Por otro lado, Zwigoff nos ofrece una forma de filmar cruda
y feista con la que se limita a seguir por aquí y por allá a nuestro amigo
Crumb, sin florituras y con la garantía que ofrece el ser un amigo íntimo quién
realiza este retrato, y ante un par de declaraciones de los críticos de turno,
las feministas de rigor y un par de formalismos mínimos y acertados que inserta
en el metraje, el mérito de la cinta consiste en una buena manipulación del
material filmado y una buena selección
de lo que se incluye en el corte final. Así, este trabajo magistral, le valió a
Zwigoff todo tipo de reconocimientos —son varios los críticos que citan “Crumb”
como una de las mejores películas de la historia—, premios, proyecciones…
aunque por motivos que a todo el mundo se le escapan, no consiguió tan siquiera
ser seleccionada en los Oscars de Hollywood en la categoría documental.

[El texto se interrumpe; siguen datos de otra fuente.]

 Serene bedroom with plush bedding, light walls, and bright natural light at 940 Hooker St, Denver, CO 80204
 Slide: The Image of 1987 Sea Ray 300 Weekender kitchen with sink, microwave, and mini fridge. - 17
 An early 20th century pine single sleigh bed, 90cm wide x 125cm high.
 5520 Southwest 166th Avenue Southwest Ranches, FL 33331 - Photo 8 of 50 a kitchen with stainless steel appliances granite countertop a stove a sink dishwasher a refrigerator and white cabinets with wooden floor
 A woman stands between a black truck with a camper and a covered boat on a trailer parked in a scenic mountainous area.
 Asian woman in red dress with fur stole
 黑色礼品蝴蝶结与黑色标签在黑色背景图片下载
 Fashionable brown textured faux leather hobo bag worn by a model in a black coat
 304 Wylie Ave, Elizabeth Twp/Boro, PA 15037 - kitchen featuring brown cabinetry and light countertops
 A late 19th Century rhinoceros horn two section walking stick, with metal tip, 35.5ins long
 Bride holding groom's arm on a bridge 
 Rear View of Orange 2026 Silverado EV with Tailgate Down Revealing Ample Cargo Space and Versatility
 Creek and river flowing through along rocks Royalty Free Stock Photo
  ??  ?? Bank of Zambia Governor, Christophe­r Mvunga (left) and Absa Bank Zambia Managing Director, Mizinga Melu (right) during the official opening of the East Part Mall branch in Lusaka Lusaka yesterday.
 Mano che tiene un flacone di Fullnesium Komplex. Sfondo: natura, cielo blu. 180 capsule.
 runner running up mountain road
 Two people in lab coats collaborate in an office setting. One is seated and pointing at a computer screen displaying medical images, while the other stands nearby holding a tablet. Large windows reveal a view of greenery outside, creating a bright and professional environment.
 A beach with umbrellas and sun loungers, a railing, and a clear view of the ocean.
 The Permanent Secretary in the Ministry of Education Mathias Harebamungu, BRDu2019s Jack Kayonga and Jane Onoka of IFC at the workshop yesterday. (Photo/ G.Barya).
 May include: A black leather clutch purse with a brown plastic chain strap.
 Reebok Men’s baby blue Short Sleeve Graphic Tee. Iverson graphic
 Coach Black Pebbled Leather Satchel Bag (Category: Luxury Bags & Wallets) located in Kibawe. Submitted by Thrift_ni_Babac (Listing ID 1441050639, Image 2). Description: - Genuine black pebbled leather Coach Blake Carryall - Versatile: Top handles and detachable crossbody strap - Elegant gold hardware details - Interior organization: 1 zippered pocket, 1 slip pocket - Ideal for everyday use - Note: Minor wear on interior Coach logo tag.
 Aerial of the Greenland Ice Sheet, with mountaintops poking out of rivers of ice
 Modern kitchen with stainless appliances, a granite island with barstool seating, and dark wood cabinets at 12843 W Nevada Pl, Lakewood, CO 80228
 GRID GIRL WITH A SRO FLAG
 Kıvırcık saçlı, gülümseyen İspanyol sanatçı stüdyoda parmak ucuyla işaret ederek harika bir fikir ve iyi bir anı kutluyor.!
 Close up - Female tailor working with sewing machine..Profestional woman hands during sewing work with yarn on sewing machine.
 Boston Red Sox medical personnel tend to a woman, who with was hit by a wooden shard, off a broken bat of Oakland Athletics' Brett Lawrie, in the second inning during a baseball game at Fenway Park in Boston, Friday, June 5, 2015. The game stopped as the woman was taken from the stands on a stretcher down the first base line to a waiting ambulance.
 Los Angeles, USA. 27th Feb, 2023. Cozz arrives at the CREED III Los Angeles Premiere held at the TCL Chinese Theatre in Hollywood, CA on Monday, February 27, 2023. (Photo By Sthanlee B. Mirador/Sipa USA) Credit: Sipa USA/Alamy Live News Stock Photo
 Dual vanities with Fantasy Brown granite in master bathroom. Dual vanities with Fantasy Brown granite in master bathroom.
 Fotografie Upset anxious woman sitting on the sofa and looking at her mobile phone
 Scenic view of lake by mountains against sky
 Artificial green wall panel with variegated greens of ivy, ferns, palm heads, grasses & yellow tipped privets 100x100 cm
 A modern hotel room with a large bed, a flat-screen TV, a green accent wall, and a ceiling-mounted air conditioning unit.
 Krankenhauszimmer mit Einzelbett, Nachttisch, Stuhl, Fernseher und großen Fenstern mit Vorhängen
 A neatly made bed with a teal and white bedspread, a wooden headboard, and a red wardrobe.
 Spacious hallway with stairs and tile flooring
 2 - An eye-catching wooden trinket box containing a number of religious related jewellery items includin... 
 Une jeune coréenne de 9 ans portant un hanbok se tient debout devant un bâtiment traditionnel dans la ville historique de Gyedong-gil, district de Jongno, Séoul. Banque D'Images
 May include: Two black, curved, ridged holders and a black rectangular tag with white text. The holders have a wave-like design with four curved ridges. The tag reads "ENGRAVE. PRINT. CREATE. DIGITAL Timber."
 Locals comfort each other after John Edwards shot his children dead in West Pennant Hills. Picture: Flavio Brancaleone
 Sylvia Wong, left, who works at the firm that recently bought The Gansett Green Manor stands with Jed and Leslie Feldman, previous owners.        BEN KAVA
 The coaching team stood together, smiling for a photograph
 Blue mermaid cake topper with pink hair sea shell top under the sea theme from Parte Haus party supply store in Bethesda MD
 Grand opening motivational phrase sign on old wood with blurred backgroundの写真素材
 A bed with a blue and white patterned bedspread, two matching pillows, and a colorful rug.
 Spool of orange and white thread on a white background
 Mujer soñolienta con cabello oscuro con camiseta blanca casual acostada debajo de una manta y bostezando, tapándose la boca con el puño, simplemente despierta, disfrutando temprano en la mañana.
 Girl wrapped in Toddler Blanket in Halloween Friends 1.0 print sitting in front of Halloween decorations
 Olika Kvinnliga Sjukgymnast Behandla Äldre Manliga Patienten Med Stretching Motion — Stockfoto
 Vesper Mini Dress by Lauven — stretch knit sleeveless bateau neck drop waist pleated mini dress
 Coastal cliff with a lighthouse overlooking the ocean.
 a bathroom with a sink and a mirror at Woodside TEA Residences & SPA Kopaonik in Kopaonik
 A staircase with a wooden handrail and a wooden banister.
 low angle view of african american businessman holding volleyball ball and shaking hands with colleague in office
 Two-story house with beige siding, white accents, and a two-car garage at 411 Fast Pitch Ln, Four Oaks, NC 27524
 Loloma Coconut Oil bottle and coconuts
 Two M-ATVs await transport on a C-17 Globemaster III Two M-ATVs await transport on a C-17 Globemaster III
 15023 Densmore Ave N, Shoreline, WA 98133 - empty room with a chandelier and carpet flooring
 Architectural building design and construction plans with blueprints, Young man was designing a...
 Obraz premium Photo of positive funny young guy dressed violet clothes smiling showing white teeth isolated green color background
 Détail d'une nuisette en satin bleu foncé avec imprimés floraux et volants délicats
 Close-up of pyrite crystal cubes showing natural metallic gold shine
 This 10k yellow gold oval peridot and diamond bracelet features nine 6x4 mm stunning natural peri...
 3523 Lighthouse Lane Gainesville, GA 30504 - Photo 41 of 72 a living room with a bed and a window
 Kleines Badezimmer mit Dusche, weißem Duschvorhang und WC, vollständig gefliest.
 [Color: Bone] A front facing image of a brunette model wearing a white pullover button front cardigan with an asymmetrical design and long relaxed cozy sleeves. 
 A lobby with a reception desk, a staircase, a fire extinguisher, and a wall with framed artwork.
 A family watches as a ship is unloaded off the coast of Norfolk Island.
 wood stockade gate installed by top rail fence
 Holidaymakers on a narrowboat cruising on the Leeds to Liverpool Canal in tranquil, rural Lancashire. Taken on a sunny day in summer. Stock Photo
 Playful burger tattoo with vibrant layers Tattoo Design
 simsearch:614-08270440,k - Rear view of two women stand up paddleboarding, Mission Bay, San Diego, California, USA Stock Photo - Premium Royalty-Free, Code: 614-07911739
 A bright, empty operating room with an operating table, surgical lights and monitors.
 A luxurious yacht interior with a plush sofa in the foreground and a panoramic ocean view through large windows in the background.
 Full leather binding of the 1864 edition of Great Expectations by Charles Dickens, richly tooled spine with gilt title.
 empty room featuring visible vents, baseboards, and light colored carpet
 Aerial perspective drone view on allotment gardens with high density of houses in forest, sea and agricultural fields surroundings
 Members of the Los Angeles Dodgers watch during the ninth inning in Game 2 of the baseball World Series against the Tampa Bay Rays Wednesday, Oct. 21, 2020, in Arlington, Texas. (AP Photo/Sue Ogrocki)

Y es
que ni le hace falta, ni deja de ser un producto marginal que no entra dentro
de los parámetros de lo que Hollywood quiere (de hecho, los académicos que la
visionaron dejaron de ver la cinta a los 20 minutos del inicio).
Y yo quiero darle un especial valor a esta película porque
creo que con un personaje interesante al que filmar, las cosas salen solas y,
Robert Crumb, es una perita en dulce; Sin embargo, por un lado creo que Crumb
no es precisamente fácil y, por otro, considero que Crumb es un artista único e
irrepetible, lleno de manías, neuras y toda clase de delirios provenientes del
ego propio, pero aquí, lo que verdaderamente pasa, es que Robert Crumb es lo de
menos; lo verdaderamente genial es la película de Terry Zwigoff. Crumb
solamente facilita la labor a un cineasta tan genial como distinto, no es más
que un vehículo.
Por supuesto, la carrera posterior de Zwigoff, fue para
abajo y tras un par de adaptaciones de cómics como “Ghost World” o “El arte de
estrangular” o esa gran comedia que era “Bad Santa”, la verdad es que no ha
hecho nada más después. Por lo que fue un aspirante a director interesante cuya
carrera fue efímera. Pero solo por poder ver “Crumb”, ya merece la pena que
este hombre se metiera a cineasta. Incluso ha propiciado que quiera seguir leyendo
a Crumb. Y eso que el retrato que presenta, no es el de una persona que caiga
especialmente bien. Es más, yo le daría dos hostias.